La machine à filmer le temps

Texte d'Ahmed Bouanani

 

Mais c'est une machine humaine, terriblement humaine, implacable, qu'on serait tenté de la comparer à un rêve difficile à surprendre.

 

Ce rêve n'a pas d'âge et son enfance a la peau dure car chaque fois que Daoud filme le présent, l'œil de l'enfant se substitue aux objectifs de l'adulte. Le pêcheur, le conteur, les gosses de la rue, évoluent à la fois dans le présent immédiat et dans un passé oublié.

 

Daoud est photographe de la mémoire. Et cette mémoire vit à la cadence du temps présent et d'un temps devenu invisible mais qui bat dans notre sang. C'est pourquoi il gêne.

 

Il gêne tous ceux qui ne veulent plus de mémoire, plus d'enfance.

 

Son quotidien est celui des humbles, l'artifice y est inexistant.

 

Sa magie? Quand il photographie une mère, elle devient toutes les mères, le pêcheur ou le potier deviennent tous les pêcheurs ou tous les potiers, tous les hommes aux visages multiples en lutte contre un océan ingrat ou une terre mouvante qu'on façonne par le feu et par le geste.

 

Les images de Daoud portent en elles toutes les couleurs et les couleurs de l'enfance.

 

N'y voit du folklore que l'aveugle.

 

Une seule image est un poème, un poème sans mots, plein de silence où je perçois des chants, des rires, des anecdotes.

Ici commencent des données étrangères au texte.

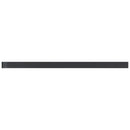 Ash Gray 0.5x12 Glass Glossy Pencil Tile Trim (10 pack, 0.5 sq ft/case) - Sample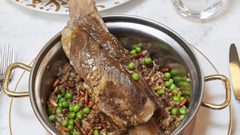 الأوزي مع ضلع الخروف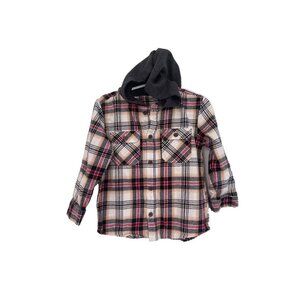 SOLD - Art Class Hooded Plaid Shirt 3t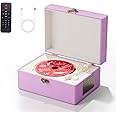 Yintiny Time Music Box CD Player with Speakers; Bluetooth Transmitter; Festival Gift; BGM Player for Home Decor (Purple)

Ses saltimbanques sont tragiques, ses travestis émouvants et généreux, ses spectacles de jemaâ el fna, des ruelles de la médina ou d'une foire populaire sont autant de vies cambriolées sur l'instant, un instant d'une telle épaisseur qu'on ne sait pas s'il s'agit du passé ou d'un présent en perpétuel devenir.

 

Le regard de Daoud s'ouvre sur plusieurs dimensions. La puissance de son image vient d'un détail, d'un geste, d'une expression, d'une attitude. Il n'est jamais à la recherche de la poésie, il n'a pas besoin de l'attendre, de la guetter. Son instinct est toujours en éveil. Son amour pour l'art de la photographie nous ouvre les frontières d'un imaginaire imperceptible. Le quotidien qu'il nous livre est toujours en mouvement. Il suffit la plupart du temps d'un battement de cil pour qu'il se dérobe à notre attention.

 

Heureusement, Daoud est parmi nous, avec nous.